▶ [About this exercise]:
The lines to return are those below that contain the word "Glass".

(Source data)
══════

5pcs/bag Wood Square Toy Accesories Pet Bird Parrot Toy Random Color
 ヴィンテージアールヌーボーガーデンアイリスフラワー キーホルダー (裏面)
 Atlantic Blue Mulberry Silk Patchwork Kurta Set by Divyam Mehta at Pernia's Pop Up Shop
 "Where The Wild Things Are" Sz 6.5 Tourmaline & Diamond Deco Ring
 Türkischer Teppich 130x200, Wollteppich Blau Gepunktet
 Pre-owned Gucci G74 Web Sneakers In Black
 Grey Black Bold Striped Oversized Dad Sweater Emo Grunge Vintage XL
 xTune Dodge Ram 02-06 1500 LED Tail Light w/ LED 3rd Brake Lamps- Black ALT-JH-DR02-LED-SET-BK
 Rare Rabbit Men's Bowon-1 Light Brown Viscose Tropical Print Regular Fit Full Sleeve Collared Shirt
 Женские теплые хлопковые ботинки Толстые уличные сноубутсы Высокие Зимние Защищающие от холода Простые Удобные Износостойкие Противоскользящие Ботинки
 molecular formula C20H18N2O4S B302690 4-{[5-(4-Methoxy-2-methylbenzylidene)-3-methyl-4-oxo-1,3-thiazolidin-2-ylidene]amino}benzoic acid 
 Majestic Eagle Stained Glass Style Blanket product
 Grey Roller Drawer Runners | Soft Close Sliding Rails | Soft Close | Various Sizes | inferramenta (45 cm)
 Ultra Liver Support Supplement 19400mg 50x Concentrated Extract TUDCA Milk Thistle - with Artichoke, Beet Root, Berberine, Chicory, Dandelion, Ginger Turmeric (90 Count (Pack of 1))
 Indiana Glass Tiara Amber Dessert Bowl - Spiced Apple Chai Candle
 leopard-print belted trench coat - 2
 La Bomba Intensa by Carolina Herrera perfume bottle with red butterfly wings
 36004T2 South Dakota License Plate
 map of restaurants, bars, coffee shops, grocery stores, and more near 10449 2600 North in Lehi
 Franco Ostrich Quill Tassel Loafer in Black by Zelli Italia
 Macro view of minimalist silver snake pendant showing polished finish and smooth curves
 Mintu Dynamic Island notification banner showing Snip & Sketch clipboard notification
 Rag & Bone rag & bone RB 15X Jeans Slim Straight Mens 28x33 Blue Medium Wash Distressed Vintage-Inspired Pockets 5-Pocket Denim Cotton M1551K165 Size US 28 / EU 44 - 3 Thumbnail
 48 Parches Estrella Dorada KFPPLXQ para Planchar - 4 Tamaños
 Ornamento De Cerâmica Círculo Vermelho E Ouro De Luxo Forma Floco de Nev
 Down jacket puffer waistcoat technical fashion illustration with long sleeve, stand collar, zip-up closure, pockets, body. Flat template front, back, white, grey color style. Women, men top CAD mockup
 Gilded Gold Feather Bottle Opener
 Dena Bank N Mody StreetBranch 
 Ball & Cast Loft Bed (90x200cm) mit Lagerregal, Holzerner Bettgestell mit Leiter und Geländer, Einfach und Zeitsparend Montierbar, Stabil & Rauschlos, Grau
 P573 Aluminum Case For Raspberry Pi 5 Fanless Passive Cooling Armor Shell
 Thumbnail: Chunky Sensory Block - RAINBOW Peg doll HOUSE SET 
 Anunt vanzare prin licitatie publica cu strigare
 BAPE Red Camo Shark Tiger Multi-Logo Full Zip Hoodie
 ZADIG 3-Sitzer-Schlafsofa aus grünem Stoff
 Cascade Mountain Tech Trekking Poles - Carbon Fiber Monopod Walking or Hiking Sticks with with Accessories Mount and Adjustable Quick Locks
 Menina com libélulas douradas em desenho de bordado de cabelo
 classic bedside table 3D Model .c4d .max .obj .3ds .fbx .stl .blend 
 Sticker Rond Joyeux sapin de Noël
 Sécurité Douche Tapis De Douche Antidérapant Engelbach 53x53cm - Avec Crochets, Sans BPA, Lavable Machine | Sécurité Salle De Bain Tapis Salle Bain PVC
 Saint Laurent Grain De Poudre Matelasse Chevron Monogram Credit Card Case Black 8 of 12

══════

▶ [Answer for this exercise]:
 Majestic Eagle Stained Glass Style Blanket product
 Indiana Glass Tiara Amber Dessert Bowl - Spiced Apple Chai Candle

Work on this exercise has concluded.